Lex Spoon lex at cc.gatech.edu
Thu Feb 28 15:18:19 UTC 2002


> Here are some more [deep] questions...

Deep indeed!  I've thought about them quite a lot, though, so my
conclusions aren't changed by thinking them through again.  While I
don't have time to get too deeply into this discusison, I can share what
thoughts I've already had on them.



> Does a class define a type (or not)?
> 
> What is "type"? 
> 
> How is "structure" distinguished from "behavior"?
> 
> Are they one and the same thing w.r.t. a "type" or a
> "class-specification"?


Classes might or might not define a type, depending on what kind of type
we are talking about.  (I've rewritten this sentence a few times.  It's
a big discussion -- really, a family of discussions, depending on what
you fill in for the "depending on" clause back there!)

A class does define a structure and a behavior--in fact, that's seems to
be the heart of what a class is.  Structure is about static arrangement
of data, and behavior is about dynamic happenings, but beyond that these
words seem to bend for whatever conversation is at hand.
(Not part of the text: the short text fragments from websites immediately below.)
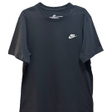 Футболка • Nike • Черный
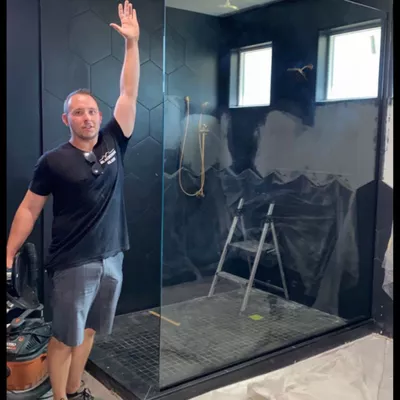 Black stone glass llc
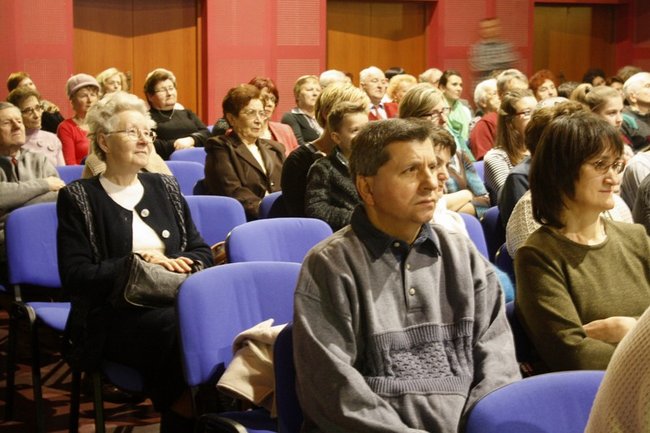 Rozśpiewani policjanci - zdjęcia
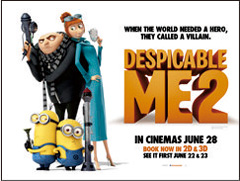 Despicable Me 2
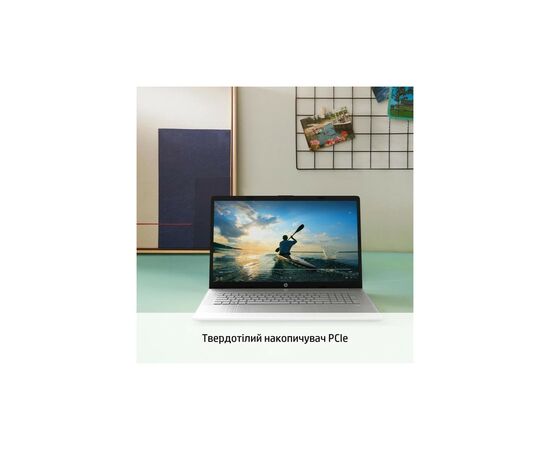 Ноутбук HP 17-cp0037ua (4A7P5EA), зображення 4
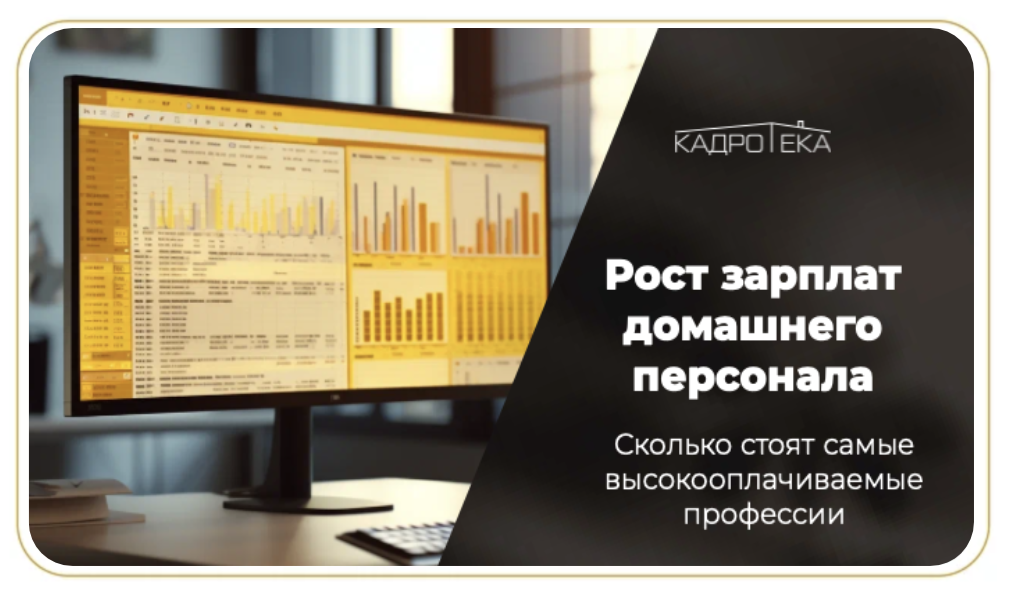 Бюро подбора домашнего персонала "Кадротека"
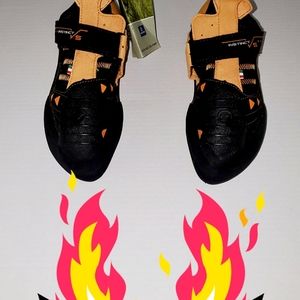 Scarpa Instinct VS Climbing Shoe - Vibram XS Edge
A specification of something, including a class is some means of naming
a particular instance.  Often, a simple name is used.  A definition of a
class would give enough information to uniquely determine the class.  A
"class specification" might be the same as a "definition of a class".


> ====
> 
> Does a class define a namespace (or not)?
> 
> If not, then how does one specify what namespace scope(s)/things a
> classes methods, or its instances method, can access?
> 
> Where are those (namespace elements) things defined?
> 
> How does one meta-object protocol extensibility for supporting different
> types of "namespaces"? 
> 
> I.e., if the answer is not in classes then the design is the result of
> not thinking in pure OO terms and reflection/meta-object protocol.
> 

Well, today, classes define a namespace with class variables, and they
*specify* some other namespaces which methods will, by default, have
access to.  I don't know where instance variables fit into this; there
is a namespace of instance variables for each class, but that seems a
little different than all the other namespaces being talked about.

I don't think the namespace stuff is a core property of classes, though.
 It's open to design.  You can just as well say that each class
automamtically has its own namespace, and delegate it all to the
namespace concept.  Or, you can say classes *don't* define namespaces,
but only import them.  I'm okay with that, considering that the majority
of classes define no class variables, and in fact that many class
variables could be left at module scope, anyway.  You could even say
that classes don't mention namespaces at all, and that they must import
everything from their surrounding module.  That seems fine, too. 
Overall, the presence of modules seems to offload a lot of the stuff
that has accrued in classes, and to give us some nice design options.


Extensibility leaves me cold.  I'd like to figure out *one* system of
classs, modules, namespaces, etc., before worrying about how to let
programmers develop other ones.  For production applications, it even
seems like a bad idea to define new kinds of namespaces.  It in fact
such a practice would even seem non-OO: OO design is centered around
class (and interface) definitions, not language redefinitions.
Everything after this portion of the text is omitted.